Load/Store tearing in this day and age?

Posted Jul 16, 2019 22:11 UTC (Tue) by pr1268 (guest, #24648)
Parent article: Who's afraid of a big bad optimizing compiler?

I don't understand how/why, in this day and age, that load tearing and storing still occur. At least when loading/storing an n-bit value on an n-bit architecture. Isn't that what the "beauty" of larger-bit architectures is for?

For example, the compiler could, in theory, compile the load from global_ptr on line 1 of the following code as a series of one-byte loads.

70 years of electronic computers, 64-bit architectures are the norm now, and we're still putzing around one byte at a time? Ugh.

IMO loads and stores should be atomic at the assembly level (if not at the metal) for an n-bit value on an n-bit architecture. Just my $0x02.

Thank you to all the contributors for this article. Very enlightening (if not depressing).

Load/Store tearing in this day and age?

Posted Jul 16, 2019 22:58 UTC (Tue) by excors (subscriber, #95769) [Link] (2 responses)

In this day and age, we still use chips and CPU architectures that were designed in a previous day and age, because they're widely available and well supported and (most importantly) cheap. They might not support misaligned loads (because that's a lot of hardware complexity, which was an issue in olden times), and if the compiler isn't certain that a load will be aligned (e.g. it's reading a field from an __attribute__((packed)) struct, which are pretty common in Linux) it'll have to read individual bytes.

Load/Store tearing in this day and age?

Posted Jul 17, 2019 6:58 UTC (Wed) by PaulMcKenney (✭ supporter ✭, #9624) [Link]

All good points! Plus modern CPUs often have store-immediate instructions with restricted-size immediate values, which can tempt the compiler to emit a series of store-immediate instructions for a larger store. As noted in the article, this is not a theoretical scenario.

Load/Store tearing in this day and age?

Posted Jul 18, 2019 4:21 UTC (Thu) by ncm (guest, #165) [Link]

It is very, very common on x86 for a value to straddle cache lines, which the hardware necessarily splits. An atomic that straddles cache lines presents the memory hardware a messy and typically slow job -- if you cared, you would have aligned! -- possibly even involving a kernel trap on simpler hardware.

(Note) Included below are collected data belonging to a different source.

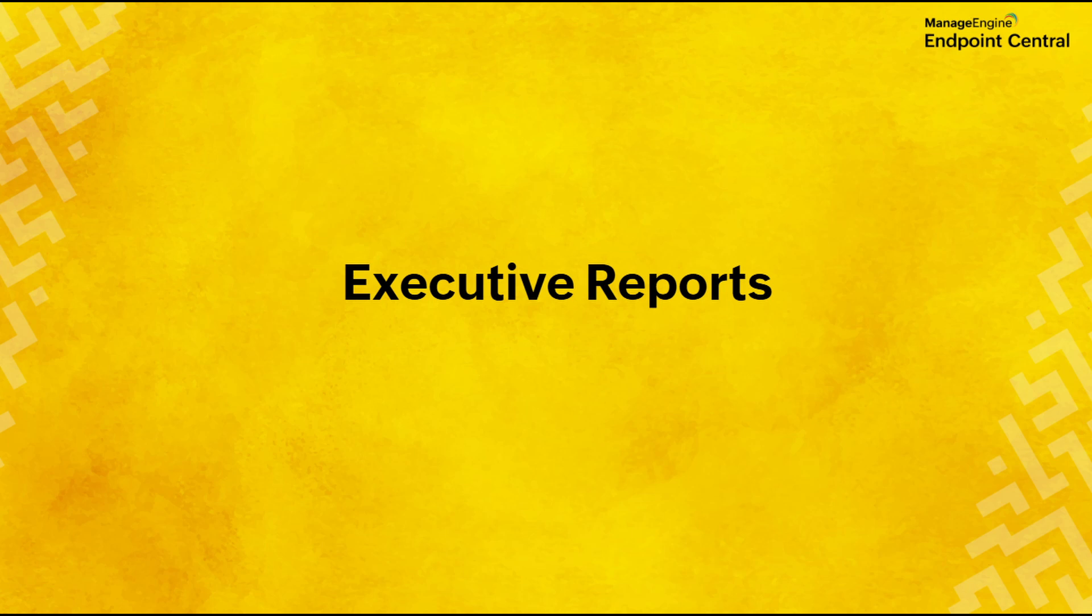Welcome to Manage Engine. In this video, we are going to guide you through executive reports within Endpoint Central.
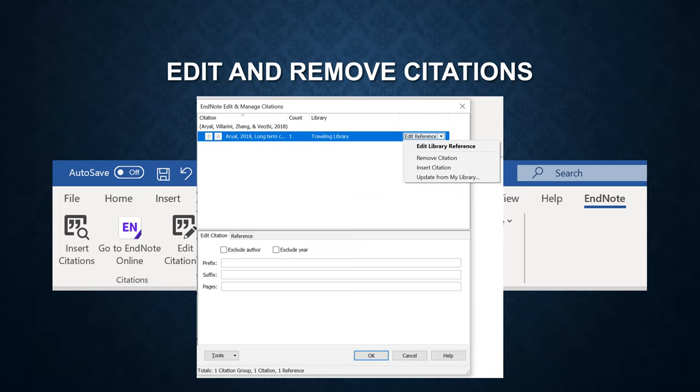Pull down the edit reference menu. Then you can remove the citation. Or you can edit the citation by adding prefix, suffix, and pages. Make sure to click on OK to make the change.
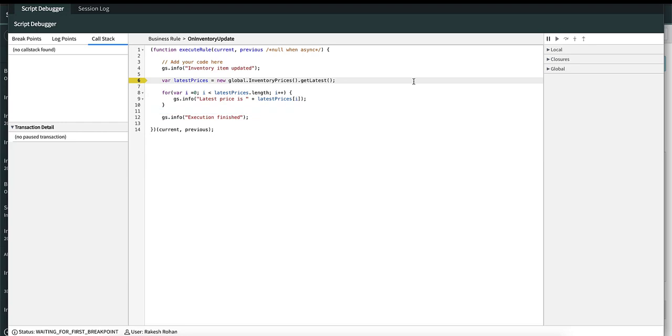That's about the conditional breakpoint. In the next video, we'll look at the debugger actions. Meanwhile, if you have any queries, please reach out to community.servicenow.com. Thank you.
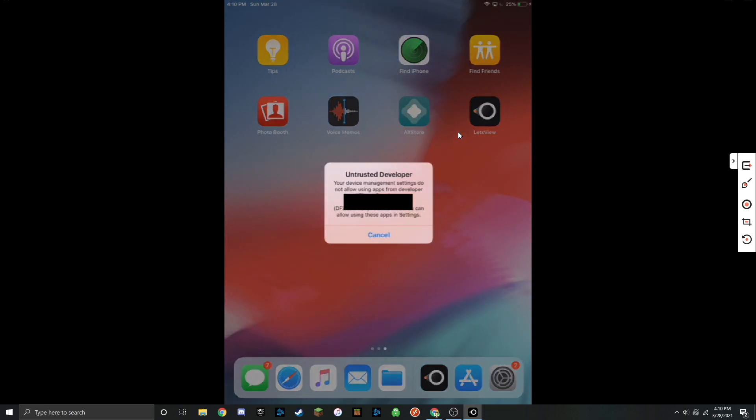If you go and try to open it up, it's going to say it's an untrusted developer. All this means is that you haven't trusted your profile yet in settings. I'll show you guys how to do that.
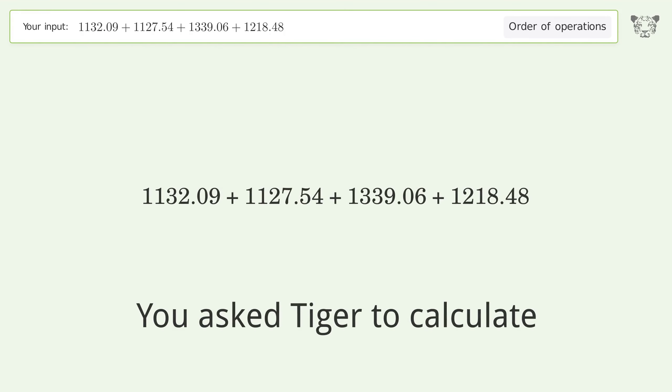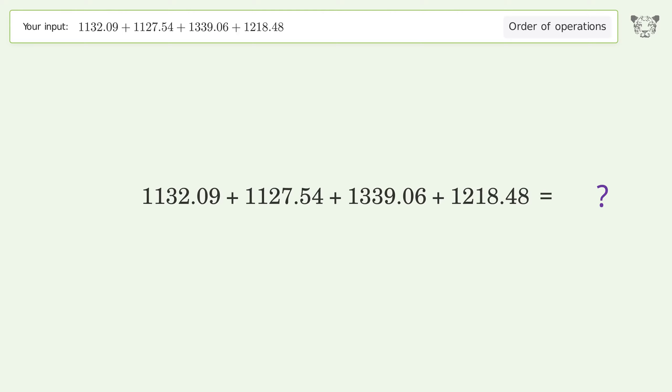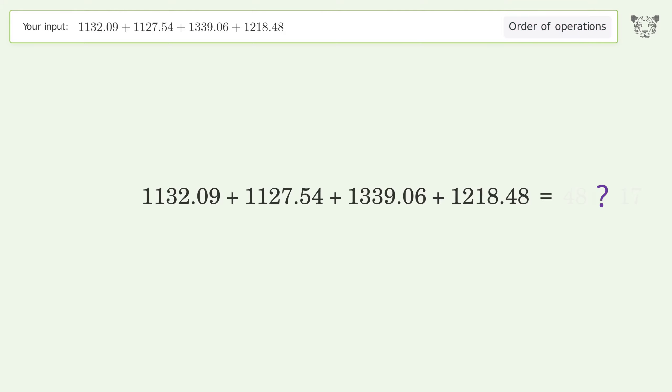You asked Tiger to calculate. This deals with the order of operations. The final result is 4817.17.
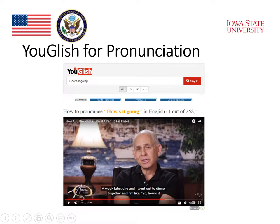There are many such segments that the computer found. In fact, for this particular phrase 'how's it going,' the computer found 258 examples. That's a lot of examples to look at if you want to refine your pronunciation of 'how's it going.'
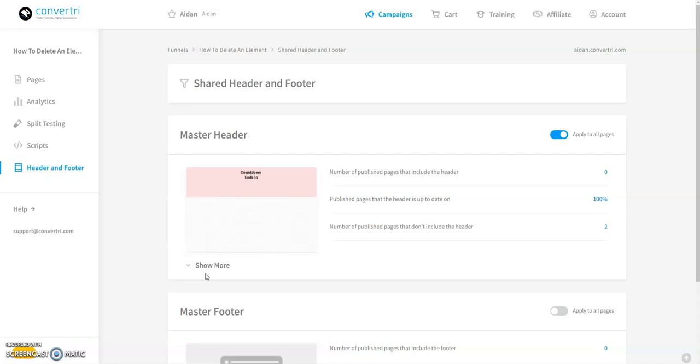Now you can see what it looks like. You might want to make some changes. Luckily, you can edit your header and footer from within the page builder.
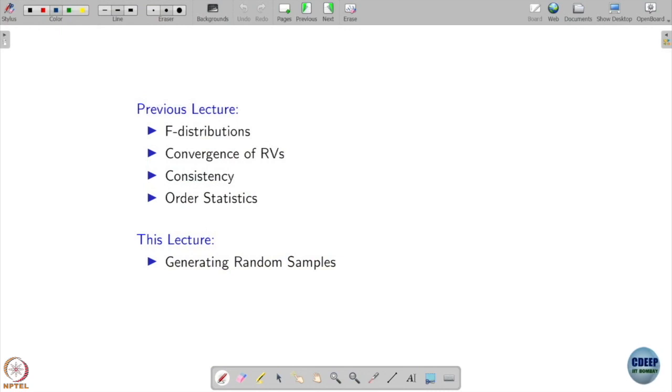Today we will go ahead and cover one more topic about generating random samples. This topic we have actually already discussed earlier - we tried to find samples or generate samples according to a given distribution using uniform samples by defining the inverse of the given CDF function. Now let's see if we can go a little beyond that.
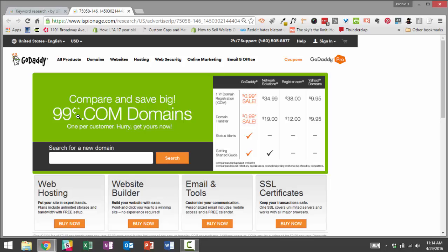Because once you sell a domain name to someone, you have the opportunity to upsell them hosting services. You have the opportunity to upsell them web security, web design, email and office and things like that. So the name of the game here is to get customers in the door, get them to buy a 99 cent domain. Once they've spent that money, once they become a customer, then you have the opportunity to sell them more products and more services.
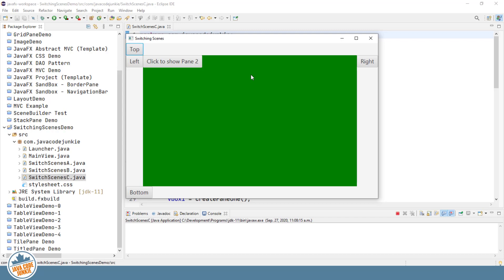So that allows us to maintain whatever we have in the other portions of our screen, such as in the top. Maybe if we had a toolbar and a menu bar in the left, we have something else in the right, something in the bottom. Maybe we have a status bar. Those pieces remain, and we're simply replacing the center area of our border pane. So that's another way to actually do it.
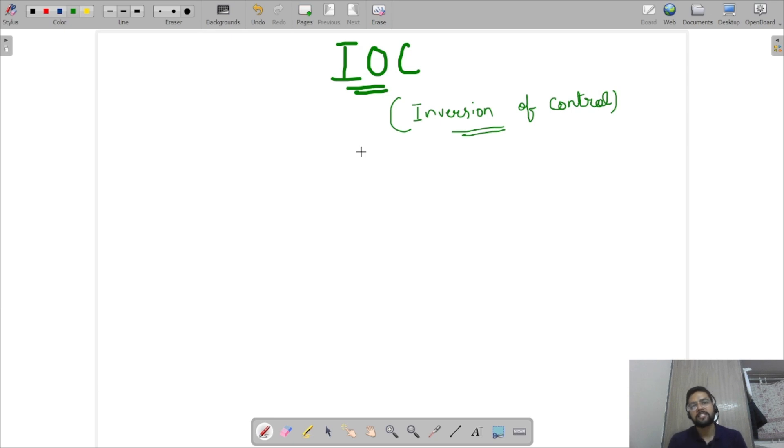Hi, welcome to the Spring Framework Bootcamp. Our first topic is IOC, that is Inversion of Control.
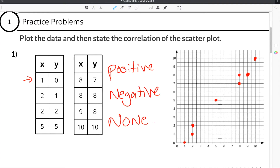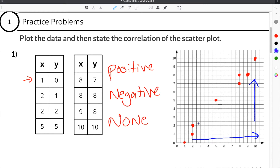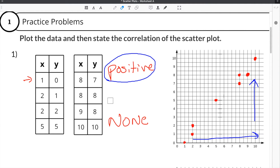In the case of this example, as we go from left to right, our values increase — they go up. Because we are going up, that means the correlation is positive. If we went down from left to right, that would be negative. If there was no pattern at all, that would be none. But here, our answer is a positive correlation.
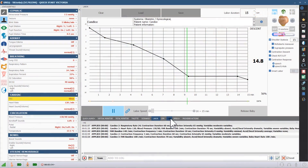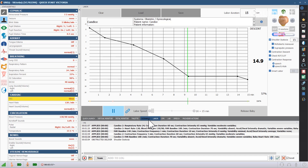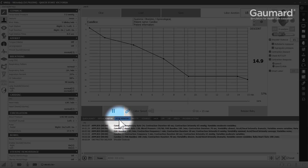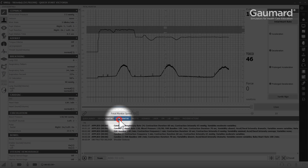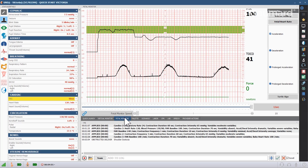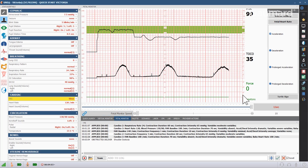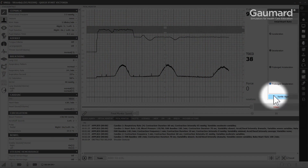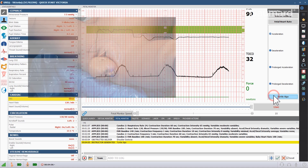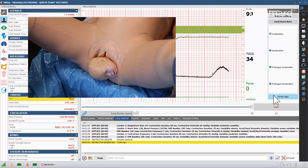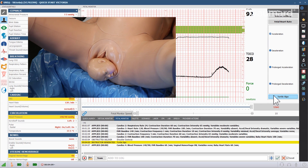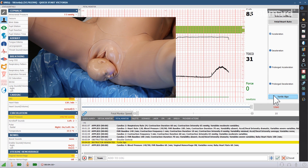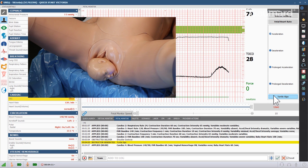When the labor curve reaches the shoulder dystocia event, you can manually generate turtle signs in the fetal monitor screen. Click the turtle signs button to generate a spontaneous turtle sign. The software will document any turtle signs for debriefing later.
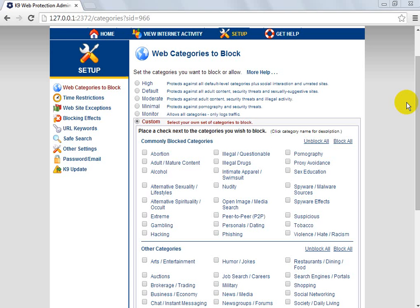Hey guys, what is up? JMAGHD here coming at you with a tutorial on how to set up K9 web protection.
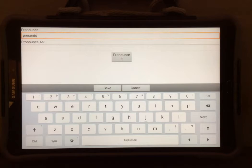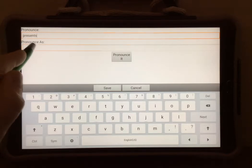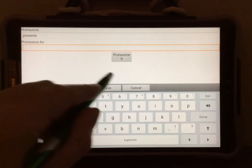Then, where it says pronounce as, tap the box underneath. Now type in the word phonetically.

On x86 they devote another few million transistors for each case to help avoid what would be a kernel trap. All the extra transistors strengthen Intel's (and, lately, AMD's and Samsung's) competitive position vs cheaper hardware. It's not free, because that enables a monopoly or oligopoly that may then extract rent or (worse) limit your choices.

In the US, only the former is ever considered actionable harm, despite the law recognizing both. It is artificially difficult to demonstrate the latter, where logically it should instead be assumed.

So, exercising care with alignment affords you more choice in hardware that can run your code fast enough, and safely, which might also enable saving money, too, and also power and heat, because those millions of transistors burn power.

Load/Store tearing in this day and age?

Posted Jul 17, 2019 9:32 UTC (Wed) by comex (subscriber, #71521) [Link]

> IMO loads and stores should be atomic at the assembly level (if not at the metal) for an n-bit value on an n-bit architecture. Just my $0x02.

They typically *are* guaranteed to be atomic at the assembly level, but only if the pointer is properly aligned.

You can see this more easily if you use C11 atomics, which are more explicit about what guarantees they provide. For example, this source code:

	#include <stdatomic.h>
	int load(_Atomic int *ptr) {
		return atomic_load_explicit(ptr, memory_order_relaxed);
	}

compiles to this assembly (GCC targeting x86-64):

	load:
			mov     eax, DWORD PTR [rdi]
			ret

All C11 atomic loads/stores are guaranteed to be, well, atomic, but GCC has decided to emit a plain mov instruction. In fact this is valid, because x86 has an architectural guarantee that regular movs (64-bit and smaller) to and from aligned pointers are atomic. (And GCC is allowed to assume that `ptr` is aligned, because using it is undefined behavior if not.) Most common architectures work the same.

On the other hand, many uses of atomics want a stronger memory ordering, e.g. memory_order_acquire. On x86, this *still* just generates a plain mov instruction, because x86 has very strong ordering guarantees for all accesses. But on other architectures it tends to require additional synchronization or a different instruction.